Setting up MRO facilities in Nigeria will tame capital flight, reduce forex challenges, says DG NCAA
The Director-General of the Nigerian Civil Aviation Authority, Capt. Musa Nuhu has called on airline operators to work towards setting up Maintenance Repair and Overhaul facilities in the country with a view to tame capital flight and reduce high demand for foreign exchange.
Nigeria’s airline business climate has been unfriendly since the beginning of the pandemic due to the high cost of flight tickets both on local and international routes.
TW gathered that a single ticket (one-way ticket) from Abuja to Lagos was sold at N120,000 (One hundred and twenty thousand naira) recently, an increase of over 70 per cent on the former price of N40,000 to N50,000 before the pandemic.
Airline operators in the country have attributed the situation to the imbalances in demand and supply of fuel, caused by high rates of foreign exchange and high cost of maintenance overseas.
Reacting to the situation during a media chat with aviation correspondents in Lagos recently, Captain Nuhu disclosed that the nation’s Ministry for Aviation has been working hand-in-hand with the Central Bank of Nigeria to address forex challenges in the interest of the airlines and the travelling public.

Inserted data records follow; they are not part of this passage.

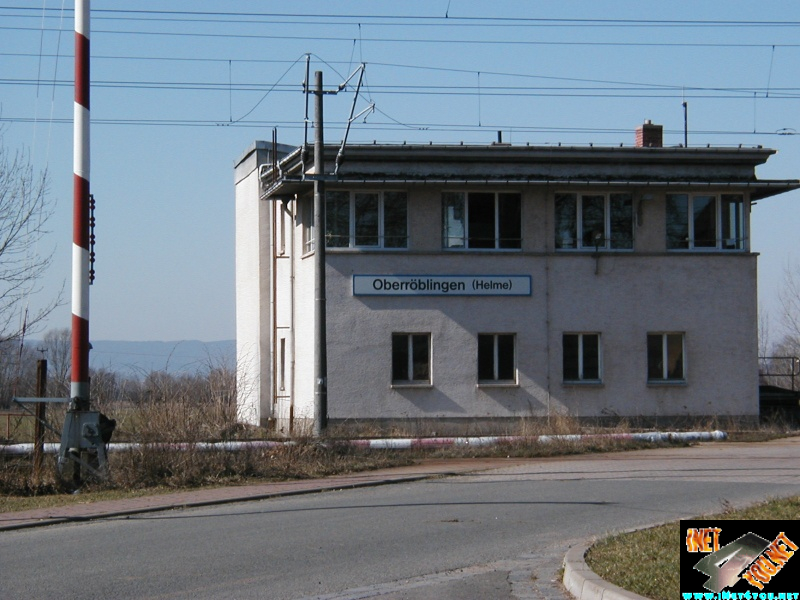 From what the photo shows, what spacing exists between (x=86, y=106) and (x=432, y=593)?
1014 cm

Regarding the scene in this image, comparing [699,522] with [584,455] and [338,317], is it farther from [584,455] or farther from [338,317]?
[338,317]

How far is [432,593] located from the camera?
8094 mm

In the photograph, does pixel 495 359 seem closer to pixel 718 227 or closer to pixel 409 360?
pixel 409 360

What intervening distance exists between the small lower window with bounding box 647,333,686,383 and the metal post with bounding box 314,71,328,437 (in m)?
9.81

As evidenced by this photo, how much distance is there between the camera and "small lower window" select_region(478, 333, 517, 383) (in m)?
26.4

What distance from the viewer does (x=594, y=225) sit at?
2705 cm

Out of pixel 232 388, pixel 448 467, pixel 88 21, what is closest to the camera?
pixel 88 21

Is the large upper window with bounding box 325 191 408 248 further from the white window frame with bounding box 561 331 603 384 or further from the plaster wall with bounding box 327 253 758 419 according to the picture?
the white window frame with bounding box 561 331 603 384

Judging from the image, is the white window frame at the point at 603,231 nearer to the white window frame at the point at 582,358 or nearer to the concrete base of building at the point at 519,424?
the white window frame at the point at 582,358

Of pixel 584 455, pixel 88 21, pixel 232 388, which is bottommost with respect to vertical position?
pixel 584 455

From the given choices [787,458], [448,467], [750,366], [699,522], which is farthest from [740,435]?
[699,522]

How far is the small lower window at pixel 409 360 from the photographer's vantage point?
26.2 m

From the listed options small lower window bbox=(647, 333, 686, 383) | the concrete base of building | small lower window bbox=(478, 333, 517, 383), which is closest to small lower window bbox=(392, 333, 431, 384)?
the concrete base of building

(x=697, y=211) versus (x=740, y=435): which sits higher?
(x=697, y=211) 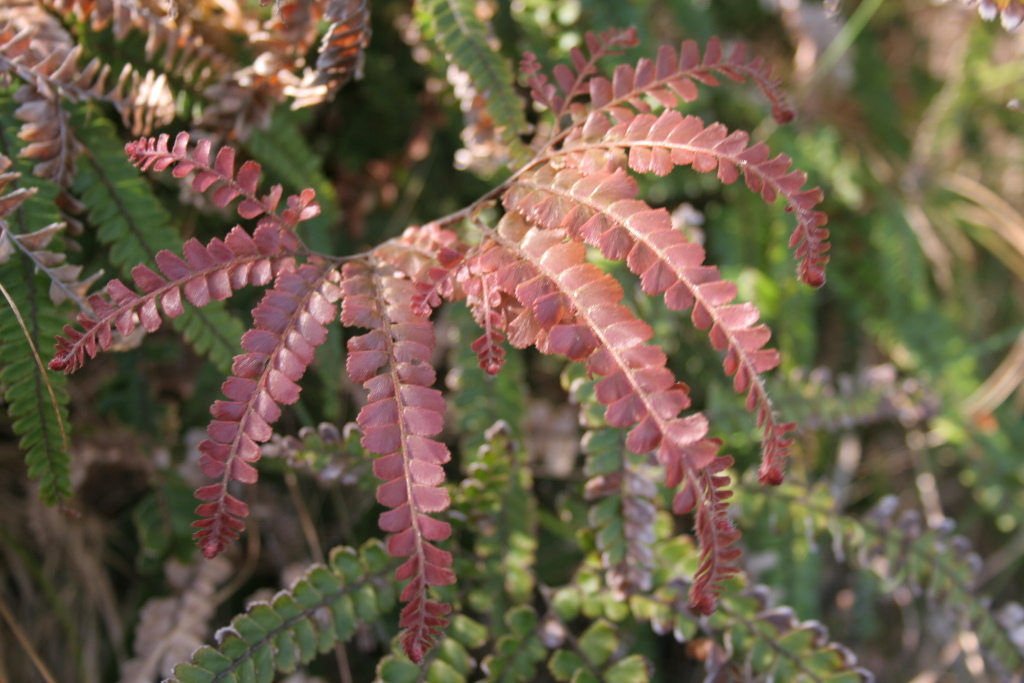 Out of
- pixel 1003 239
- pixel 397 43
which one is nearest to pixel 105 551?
pixel 397 43

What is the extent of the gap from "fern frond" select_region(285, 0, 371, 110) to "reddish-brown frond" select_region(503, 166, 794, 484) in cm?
44

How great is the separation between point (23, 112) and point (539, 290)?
0.87 m

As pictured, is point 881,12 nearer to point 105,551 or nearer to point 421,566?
point 421,566

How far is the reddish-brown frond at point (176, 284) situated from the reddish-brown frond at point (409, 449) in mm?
141

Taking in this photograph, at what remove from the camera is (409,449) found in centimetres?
76

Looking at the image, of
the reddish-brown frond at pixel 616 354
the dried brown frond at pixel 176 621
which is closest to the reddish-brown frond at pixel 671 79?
the reddish-brown frond at pixel 616 354

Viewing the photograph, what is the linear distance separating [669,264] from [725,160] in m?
0.19

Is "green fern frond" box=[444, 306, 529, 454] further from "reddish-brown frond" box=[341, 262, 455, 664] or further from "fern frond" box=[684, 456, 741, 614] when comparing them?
"fern frond" box=[684, 456, 741, 614]

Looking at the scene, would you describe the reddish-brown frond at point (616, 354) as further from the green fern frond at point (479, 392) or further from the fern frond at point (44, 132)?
the fern frond at point (44, 132)

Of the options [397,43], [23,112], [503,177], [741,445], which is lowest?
[741,445]

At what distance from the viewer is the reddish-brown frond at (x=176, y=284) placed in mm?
782

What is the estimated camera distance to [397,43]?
1.71m

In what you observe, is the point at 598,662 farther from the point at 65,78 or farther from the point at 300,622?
the point at 65,78

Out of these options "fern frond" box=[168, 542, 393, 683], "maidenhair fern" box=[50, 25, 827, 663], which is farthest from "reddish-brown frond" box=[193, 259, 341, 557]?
"fern frond" box=[168, 542, 393, 683] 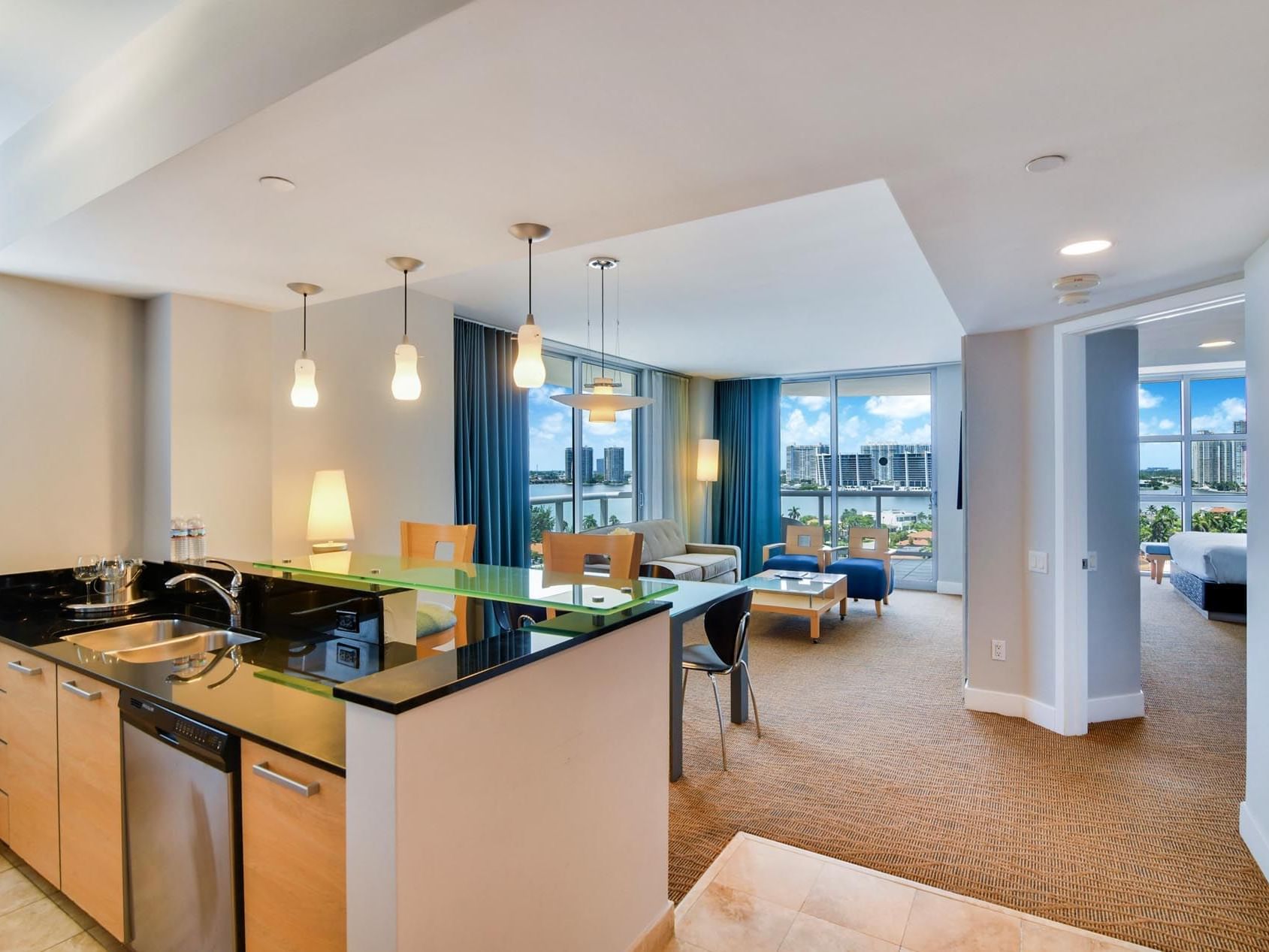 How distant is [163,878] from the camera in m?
1.62

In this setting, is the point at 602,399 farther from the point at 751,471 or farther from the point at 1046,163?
the point at 751,471

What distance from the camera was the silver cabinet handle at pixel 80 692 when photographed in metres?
1.79

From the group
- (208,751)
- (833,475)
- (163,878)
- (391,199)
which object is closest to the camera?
(208,751)

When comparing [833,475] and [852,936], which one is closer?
[852,936]

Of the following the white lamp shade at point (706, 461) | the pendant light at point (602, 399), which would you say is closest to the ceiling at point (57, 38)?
the pendant light at point (602, 399)

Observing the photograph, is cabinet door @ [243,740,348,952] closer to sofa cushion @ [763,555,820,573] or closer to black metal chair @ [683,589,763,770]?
black metal chair @ [683,589,763,770]

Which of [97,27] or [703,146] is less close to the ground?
[97,27]

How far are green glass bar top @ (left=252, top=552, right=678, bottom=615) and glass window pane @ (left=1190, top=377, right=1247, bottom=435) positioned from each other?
8790mm

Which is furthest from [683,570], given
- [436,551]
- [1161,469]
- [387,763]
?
[1161,469]

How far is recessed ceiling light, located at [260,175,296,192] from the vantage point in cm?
166

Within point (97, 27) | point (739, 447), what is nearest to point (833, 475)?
point (739, 447)

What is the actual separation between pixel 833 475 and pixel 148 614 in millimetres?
7118

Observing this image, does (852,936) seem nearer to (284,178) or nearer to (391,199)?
(391,199)

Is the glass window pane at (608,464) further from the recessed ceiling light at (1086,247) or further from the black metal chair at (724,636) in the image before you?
the recessed ceiling light at (1086,247)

He, however, said that while the government tries to cushion the effects of forex challenges on the airlines, it still has the onus to prioritise its decisions around fiscal policies that are favourable to local content and other sectors of the economy.
“To be honest, I can make a strong case to consider these people, but we can help ourselves by supporting the MROs… That will significantly reduce the amount of forex airlines would need. If we can do those things in Nigeria, not only that we will reduce the outflow of forex, it will also create employment for us. It is a double win for the country,” said Nuhu.
He added that the high cost of flight tickets has to do with “the economics of demand and supply. Don’t forget that because of forex difficulties, airlines are not operating their fleet at full capacity. That also has an impact. If one of the airlines is out of the system, you try to fill that gap. That will put extra demands on the other routes.”
The NCAA boss also encouraged airline operators in the country to simplify their business models by replacing bigger aircraft with smaller ones in order to break even in their operations.
“I see people going for Embraer, CRJ, ATR. So, there is a paradigm shift. People are beginning to realise you can’t use Boeing 737 aircraft for short flights. I can see Air Peace had got an E-195, he is gotten two and he said in the long term, he is going to replace all its B737. United Nigeria is using Embraer 145. Green Africa is using ATR 42, 72.
“There is one that has started processing its documents. He wants to use Embraer 145. Chanchangi wants to come back and they want to use ATR. They are planning to come back.
“The demand is there. The thinking is changing because this B737 business is not working for us. It is going to take a while. The economics is forcing the change. It is a positive change in the industry,” Nuhu said.